AT&T Broadband Getting Ready For Move

Last week, AT&T officials said they expected the spin off of its cable unit by Friday, though they made no promises; this week, the company has some housecleaning to attend to before the second- and third-largest cable operators in the country officially merge.

The merger still awaits approval from the Federal Communications Commission (FCC) and Federal Trade Commission (FTC), though reports indicate FCC staffers have already made the recommendation to approve the merger.

But until then, AT&T Broadband and Comcast executives have been trying to woo bondholders -- the companies and banks holding debt notes on AT&T Broadband -- to sign off on a "surprise" bond exchange.

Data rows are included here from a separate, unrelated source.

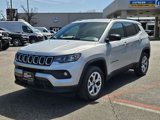 New 2025 Jeep Compass Latitude image 3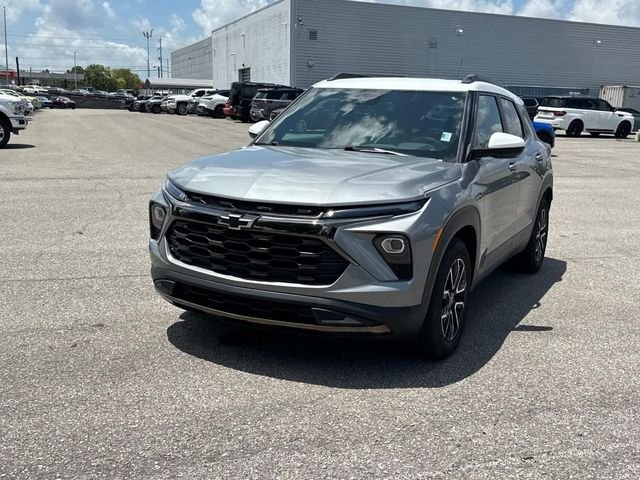 Used 2025 Gray Chevrolet ACTIV image 9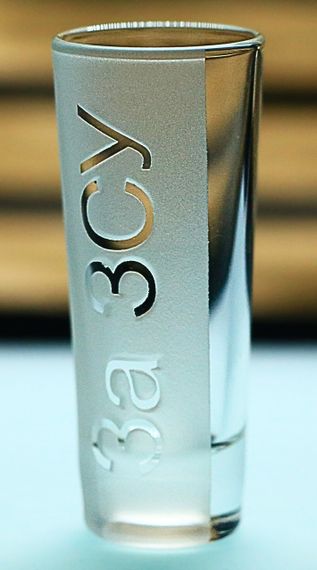 Рюмка 60 мл патриотическая ВСУ с гравировкой подарок стопка военном патриоту | Зображення 2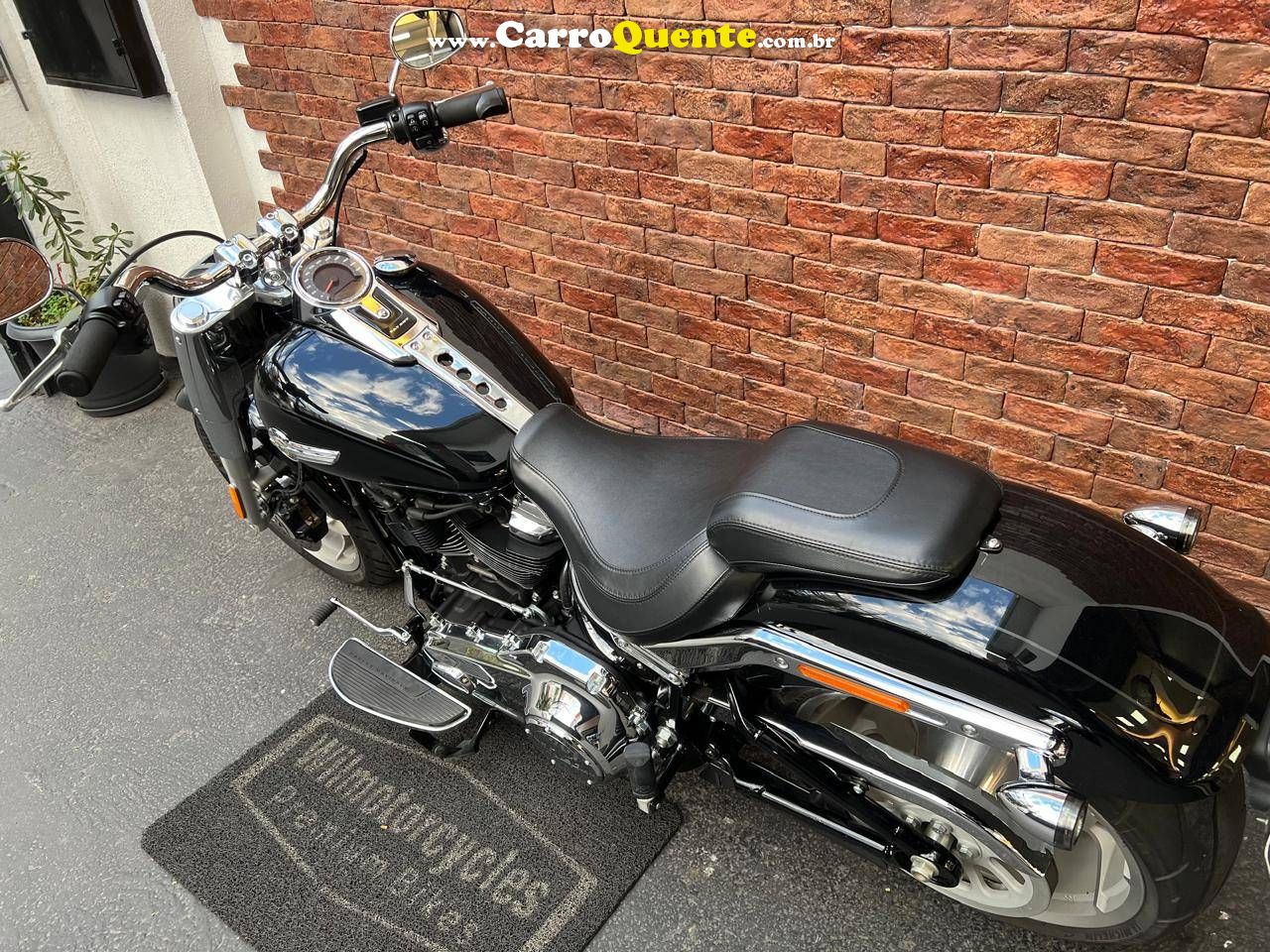 HARLEY-DAVIDSON SOFTAIL FAT BOY 114 2023 - Loja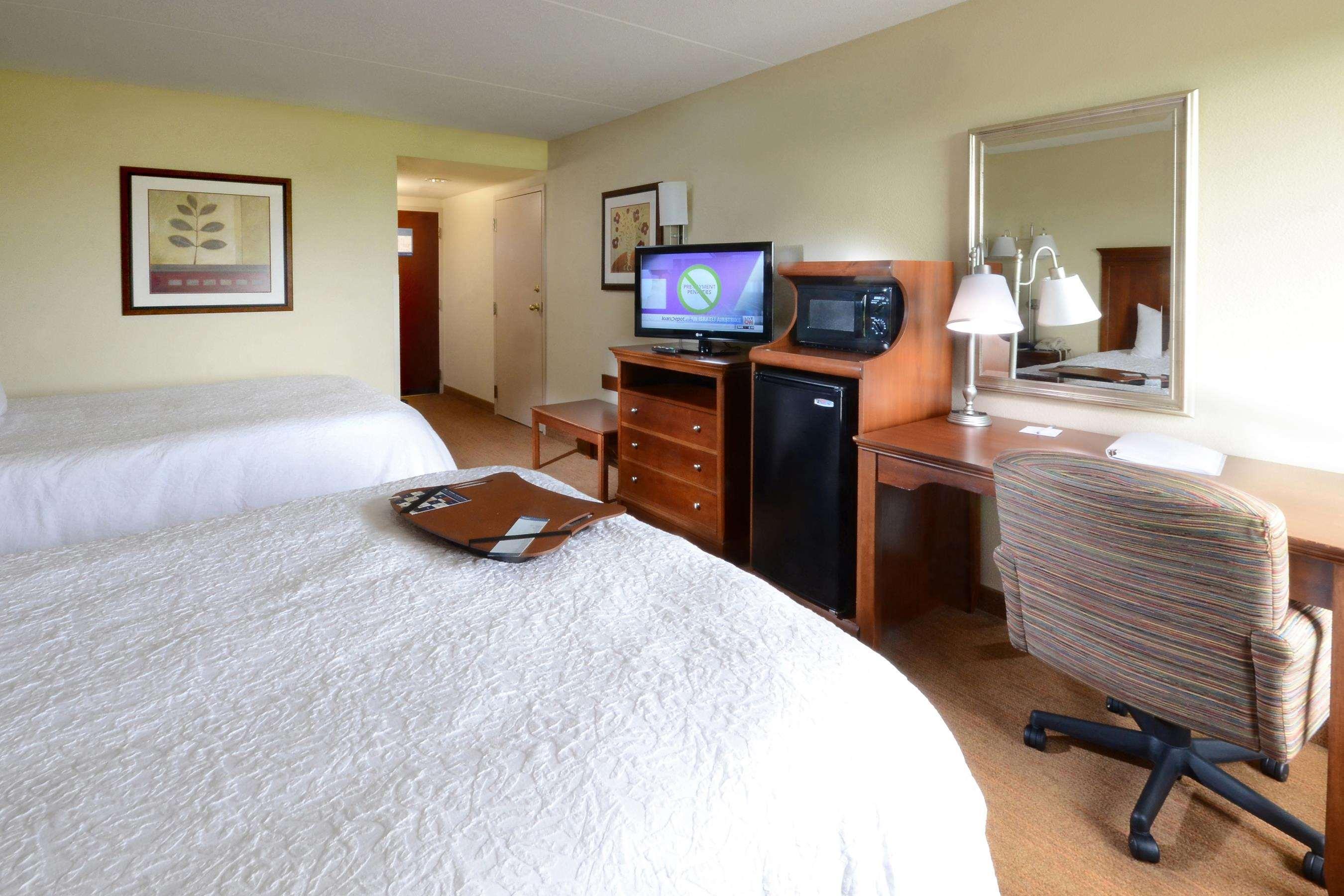 Hampton Inn Raleigh Capital Blvd North Экстерьер фото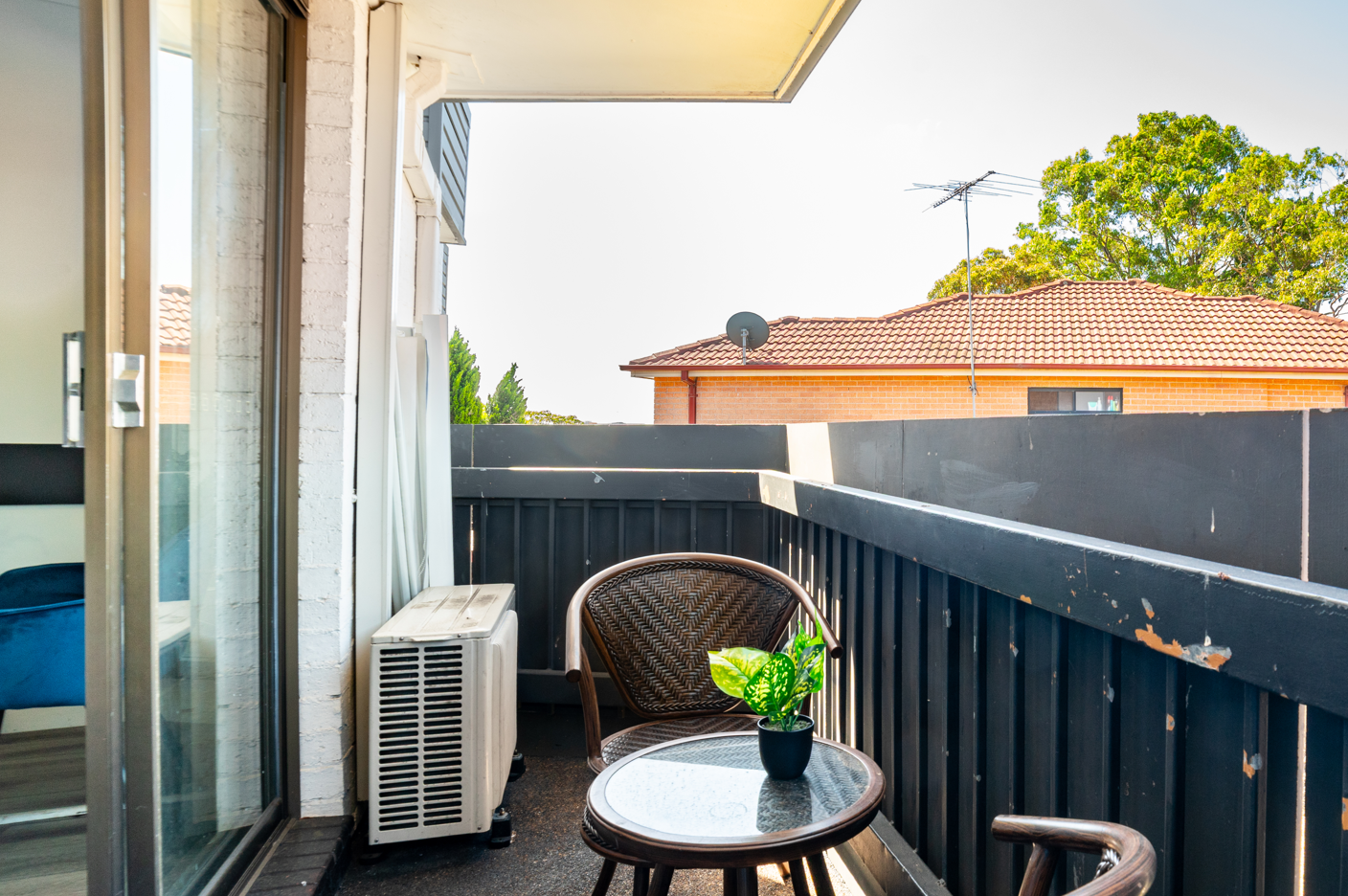 Search and Stay, undefined in undefined. Gallery position 3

The terms of the bond exchange program, which swaps AT&T Broadband notes to Comcast, were never released to bondholders. That means transferring bondholders would have to take it on faith the AT&T Comcast executives would give them a fair deal.

To no one's surprise, the two companies failed to garner the 90 percent of transferred bonds needed to close the merger; instead, they got 83.5 percent.

Bill Mann, the Motley Fool's senior editor for investing, said he's surprised they got 83 percent in the first place.

"This bond exchange program has broken new ground, as far as the bond offerings I've seen over my career. I think a lot of people looked at this and said, 'you're not giving us a lot of information, therefore we're going to assume you're trying to take advantage of us.'"

Because they didn't reach the 90 percent they'd hoped for, the two companies decided to lower the percentage needed to seal the deal on the merger to 66.75 percent, an amount they've already exceeded. Executives also pushed the deadline to sign up for the exchange program to Friday.

"(Comcast) is keeping it open a little longer, but they consider it closed," Mann said, in hopes a couple more bondholders will sign on to the program.

Comcast is holding out as long as possible, knowing it has an uphill battle ahead of them when the two companies are merged. According to David Willis, vice president of global networking strategies at the META Group, the combined company will have to significantly increase new subscriber rates in order to eat into the debt load.

"In a way, the Comcast guys are getting the short end of the stick here," he said. "They're taking all the risks in this deal, while the mothership AT&T suddenly looks pretty good.